For further information, the following video has been provided for educational purposes:



  1. Vietnamese coffee? Always seemed dangerously close to an ice-cream to me. Then again, just adding sugar and milk makes coffee seem dangerously close to ice-cream to me. Not that there's anything wrong with that, of course.

    I wonder if we all have our own, individual, pre-defined capacities for novelty and adventure, which remain fixed over a lifetime. I've met a few people similar to your colonel. Obviously you'll settle down a bit as you get older, but these guys always seem to have spent their novelty allowance in single, youthful spurge, so there's nothing left for the rest of their lives.

    Shame, really.


    1. Col. Saito's attitude was baffling sometimes.

      The sugar was optional at the place where I first had this great gift from the universe. Sweetness, of any kind, simply does not belong in my Java abyss. However, cream, or a bit of milk, is forgivable.

      If there is a pre-defined capacity for novelty, I have not found mine. In terms of being settled down, I'm chained...for now.

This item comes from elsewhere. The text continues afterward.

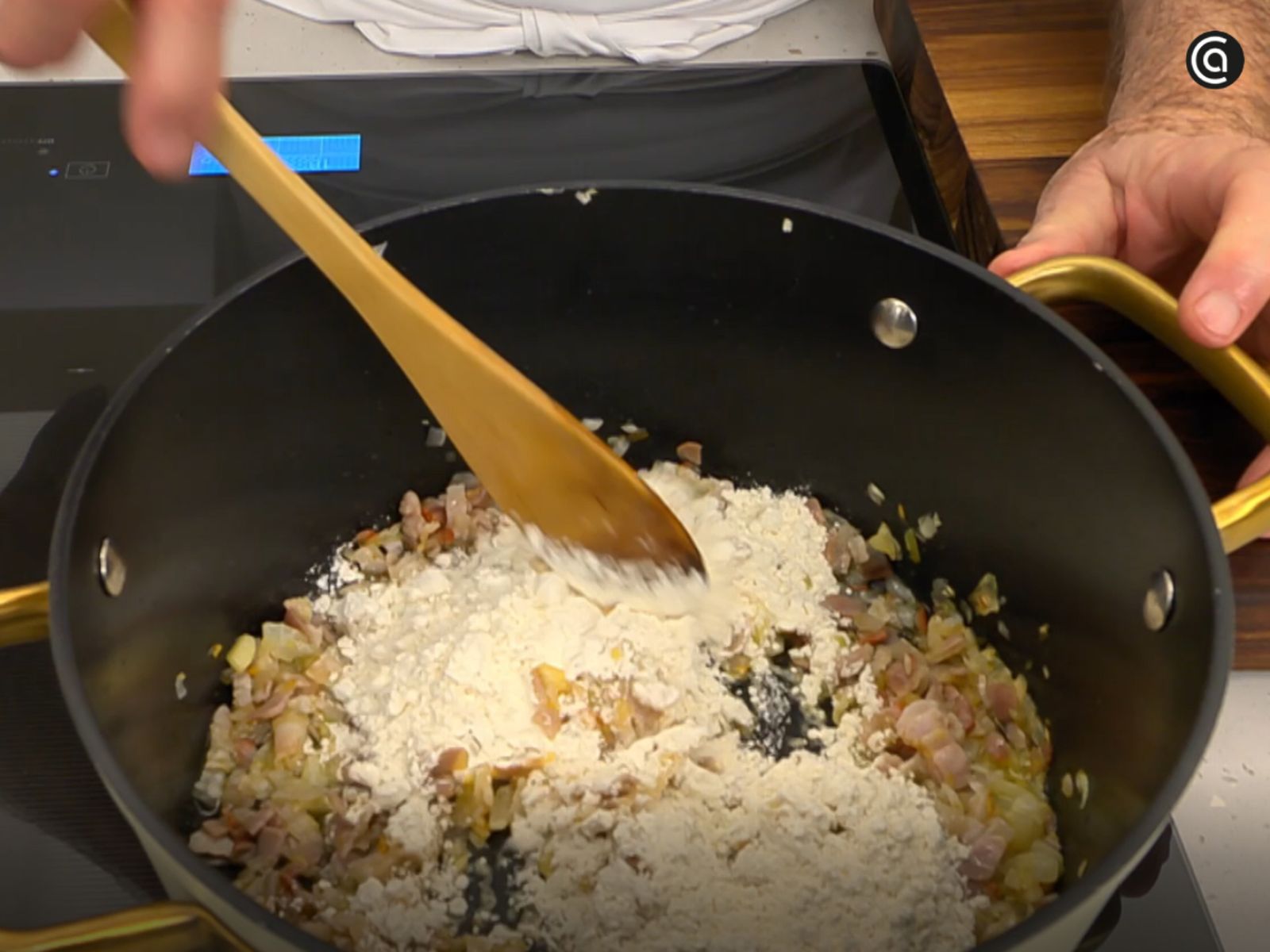 La harina se rehoga antes de añadir la leche para una bechamel fina.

  2. After the first video I was thinking...damn I like that tune and I read more and you linked right to it..very cool!!
    V-pop might be alright but Jpop sure the fuck is not.

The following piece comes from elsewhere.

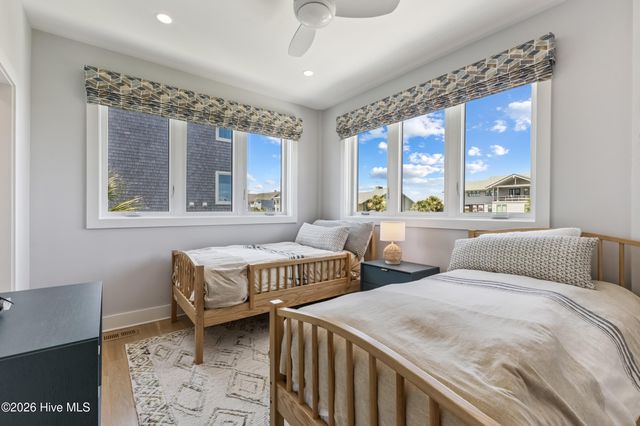 8 Beach Road S, Wilmington, NC 28411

    If it's got caffeine and simulates a high if drunk completely at once then I'm in ;)

    1. Ding Ding Dong...Reservoir Dogs worthy, if you ask me.

      Next time I have a cup of the bliss, I'll definitely make the event public; it will get blogged. Right now, I'm looking at Phin filters.

  3. damn, I seem to do the whole going to the same place every time I go to "insert city name here". And I try to make my life interesting. I don't think doing and/or saying stupid things on purpose is enough anymore for making life interesting.

    1. a change of scenery to the point of stepping out of 'default' for a while works wonders to restore that vital freshness that feels oh, so good.

      Personally, I try not to say or do stupid things on purpose for practical reasons. There's enough trouble going around as it is to try and stir up more, just for the sake it. And I'm bound to do something that starts off dumb and fun anyway.

      Even if you don't think your life is interesting, I think your developing perspective definitely is, evidence being your photos and what you've written about the process so far.

      If you're gonna make mistakes, may they be enjoyable.


  4. I watched the first video and decided I need to give Vietnamese coffee a try as well as find out where the Ding Ding Dong comes from. You are awesome for linking the actual song, I will have to share it with my sister. She has a thing for Vietnamese dramas which I am both compelled to watch but repulsed all the same. Have you watched Tears of the Black Tiger? You should and thanks for the info on the coffee, I will have to try it the next time I dare to have caffeine.

    1. Was wondering the same thing about the song first time I saw the video too. After writing the post and looking around a little more, turns out there is a similar post with the coffee video and then a video for Ding Ding Dong (but from the Sound of Siam YouTube mix).

      Anyway, the Vietnamese dramas...any dramas, would be hard for me to watch (unless it's Dae Jang Geum).

      Tears of the Black Tiger? Can't say I have.

  5. I've always said that if a westerner wants to feel like he/she's living life, come to Japan and compare yourself to most people here who like bland food and bland lifestyles... way too many Col. Saito types who think a good night out is yakitori and beer with the co-workers after a 14-hour work day...

    1. A lot of the times, I suspect people here tend to lead double lives. My belief that, at work, people try to present themselves as bland as possible, but when the sun goes down, the Mr. Hydes go wild...wanting to believe this is perhaps wishful thinking on my part.

      Even the workaholics I know in the US are living their lives.